▶ [WHAT TO DO]: Look below for the line that has "Horká Nabídka FISH4CATS". Set down the lines from there through the line that has "CRIHAP’s Training of", exactly as written.
Segment Start: PROVIDED MATERIAL
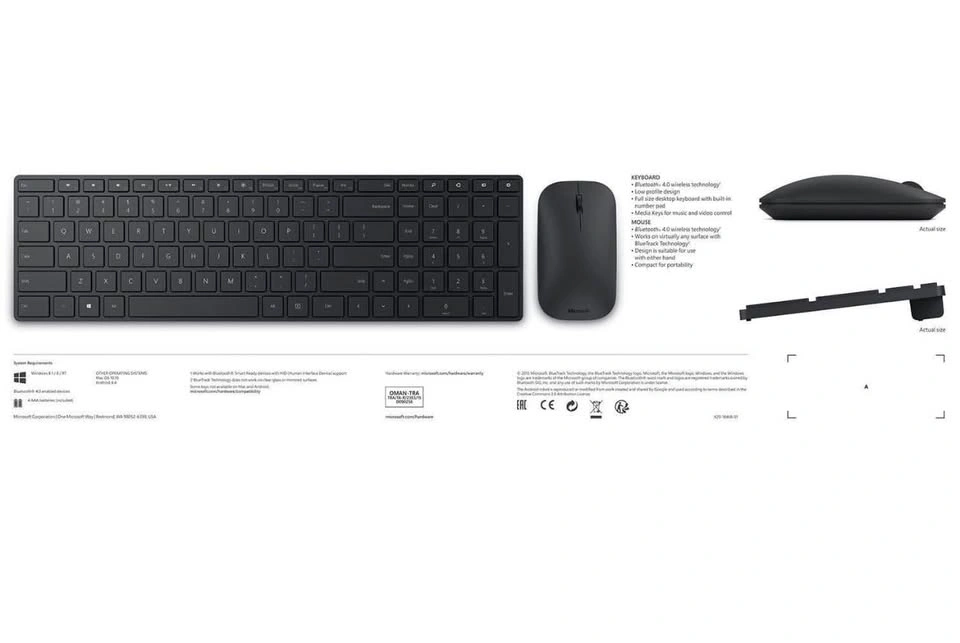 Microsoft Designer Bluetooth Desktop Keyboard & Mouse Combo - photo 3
Segment End: PROVIDED MATERIAL
Segment Start: PROVIDED MATERIAL
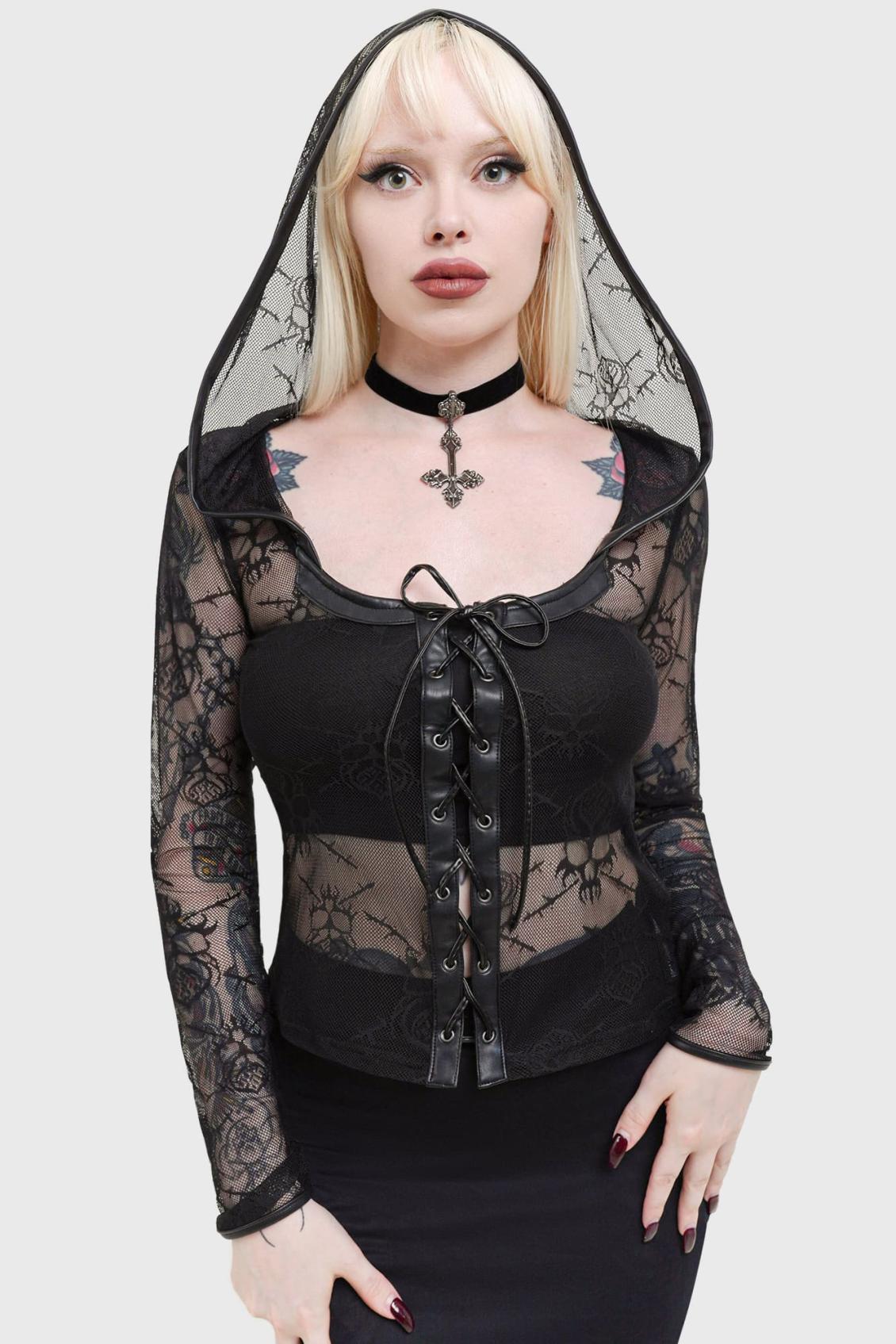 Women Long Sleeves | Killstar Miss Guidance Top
Segment End: PROVIDED MATERIAL
Segment Start: PROVIDED MATERIAL
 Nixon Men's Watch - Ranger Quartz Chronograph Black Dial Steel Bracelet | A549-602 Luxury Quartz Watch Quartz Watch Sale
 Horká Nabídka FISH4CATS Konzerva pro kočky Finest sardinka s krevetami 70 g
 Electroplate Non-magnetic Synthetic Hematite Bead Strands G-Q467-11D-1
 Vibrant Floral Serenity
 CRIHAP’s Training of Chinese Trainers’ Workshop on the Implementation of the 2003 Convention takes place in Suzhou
Segment End: PROVIDED MATERIAL
▶ [FINAL ANSWER]:
 Horká Nabídka FISH4CATS Konzerva pro kočky Finest sardinka s krevetami 70 g
 Electroplate Non-magnetic Synthetic Hematite Bead Strands G-Q467-11D-1
 Vibrant Floral Serenity
 CRIHAP’s Training of Chinese Trainers’ Workshop on the Implementation of the 2003 Convention takes place in Suzhou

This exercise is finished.